On February 9 at their annual Gala, Newnan Theatre Company formally accepted the script for "Flies at the Well," to be performed in Newnan's historic courthouse. Commissioned author Jeff Bishop was presented with a check by Project Director Caroline Abbey, NTC Board Chairman Peter Poulos, Artistic Director Paul Conroy, and Managing Director Dave Dorrell.

In June of 2010, Caroline Abbey, then chair of the Newnan Theatre Company Board of Directors, spearheaded a project that for years had been only a dream: re-enacting the 1948 John Wallace murder trial in the Coweta County courthouse where the original trial took place. With a $20,000 nest egg donated by local businesses, including a generous grant from CharterBank's Charter Foundation, Abbey issued a Request for Proposal that invited interested parties to submit plans for an original play.

A script based on Margaret Ann Barnes' famous "Murder in Coweta County" book was not an option due to the legal complexities of obtaining the rights. So prospective authors had to be prepared to write a completely new drama based on trial records, newspaper accounts and other historical records.

On behalf of Newnan Theatre Company, Abbey received thirty five proposals from authors both local and nationwide. The winning proposal was submitted by Jeff Bishop, then a reporter for the Newnan Times Herald and a historical scholar. Bishop's version of the story will be more than a trial reenactment; it will be a full-fledged drama and a musical. More readings and revisions are still in the cards, and the actual production date for the play has yet to be determined. "We need to see how audiences who know absolutely nothing about the story will react," said NTC's Artistic Director Paul Conroy.

"Musical theater is an American invention," added Conroy. "It's our contribution to the world of theater. This is an American story. There have been other musicals about trials in the South, such as 'Parade' and 'The Scottsboro Boys.' "Parade", about the Leo Frank case, was written by Alfred Uhry, author of "Driving Miss Daisy." These shows played on Broadway. So - we have high hopes for this show. We just don't want to launch it prematurely."

Shortly before NTC's formal acceptance of his script, Caroline Abbey and Joan Doggrell held the following conversation with Bishop.

Doggrell: How do you come to know so much of the history surrounding the "Murder in Coweta County" story?

Bishop: I grew up in Senoia. My family - the Couch family -- is from Senoia. In fact, one of my ancestors was an original settler. My mother was one of the first librarians in Senoia, and I remember that when Margaret Ann Barnes' book was published it was a big event. I was too little to read the book, but I did see the TV movie. We were all excited that Coweta County was going to be on national television.

Another connection for me was Danny Brooks, the grandson of Albert Brooks, one of the field hands whom John Wallace forced to burn Wilson Turner's body. Danny and I both played trumpet in the Newnan High School band.
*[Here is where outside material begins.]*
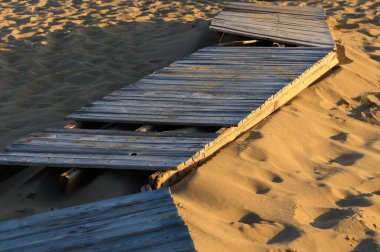 Yıpranmış ahşap bir patika sessizce durur, yumuşak kumda yarı batmış, sıcak bir günbatımı parıltısıyla aydınlanmış..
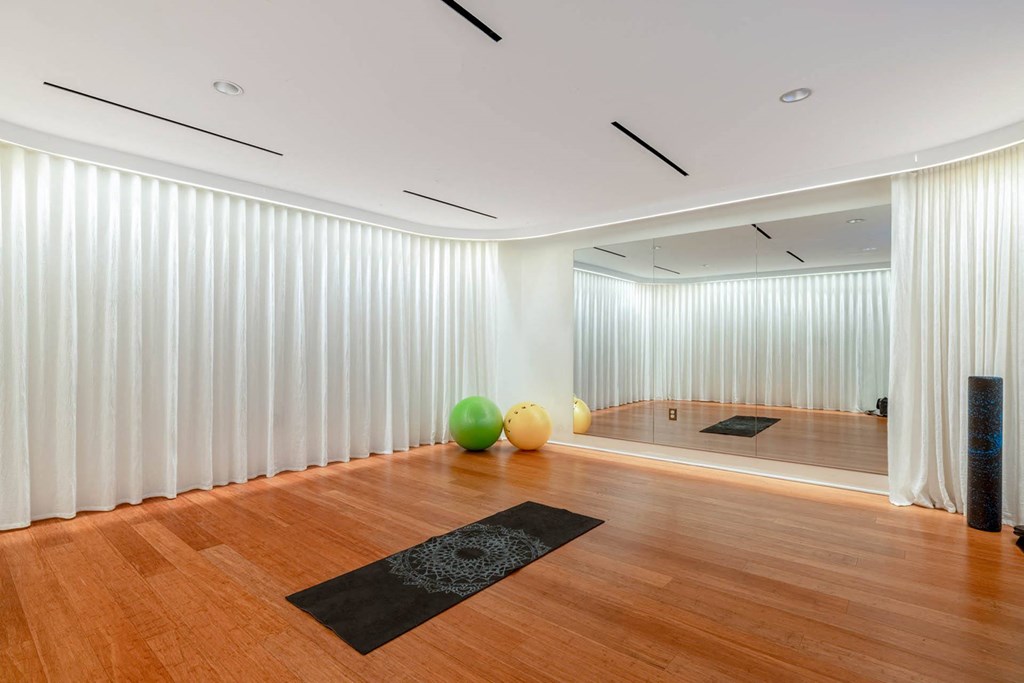 a large yoga room with white walls and wood floors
I got interested in newspapers when I was in middle school, then high school. We printed our school newspaper, "Smoke Signals," at the Newnan Times-Herald. That was where Margaret Ann Barnes worked and where her career started. I began working for the Times Herald when I was 16 years old. I started out pushing a broom, but they also let me write. Margaret Ann Barnes and Lewis Grizzard were the two big stars of the newspaper. So I grew up with the story.

Doggrell: What did people have to say about how the book and the TV movie compared with actual events?

Bishop: Some were happy with it and others weren't. Some said Barnes made too much of a hero of Sheriff Potts. I think for the most part she did a good job of capturing the essence of what happened. Most people were just excited that Coweta County was going to be on television.

Doggrell: I know you had to write the play from scratch. Where did you start doing your research?

Bishop: The place I started, which became the core of what I wrote, was the trial transcript. There are hundreds of pages of testimony and depositions. There are also newspaper accounts - the story was in all the papers, not just locally but statewide and also nationally. So there is a lot of resource material to draw from. You can understand how Margaret Ann Barnes could go into such detail with her book.

My proposal relied very heavily on the trial transcript. My big challenge in revising was to move away from the transcript. I wanted do a play, which is not the same thing as a trial reenactment. So parts of the play are reenactments of bits and pieces of the trial, but as a whole it tries to be a cohesive story.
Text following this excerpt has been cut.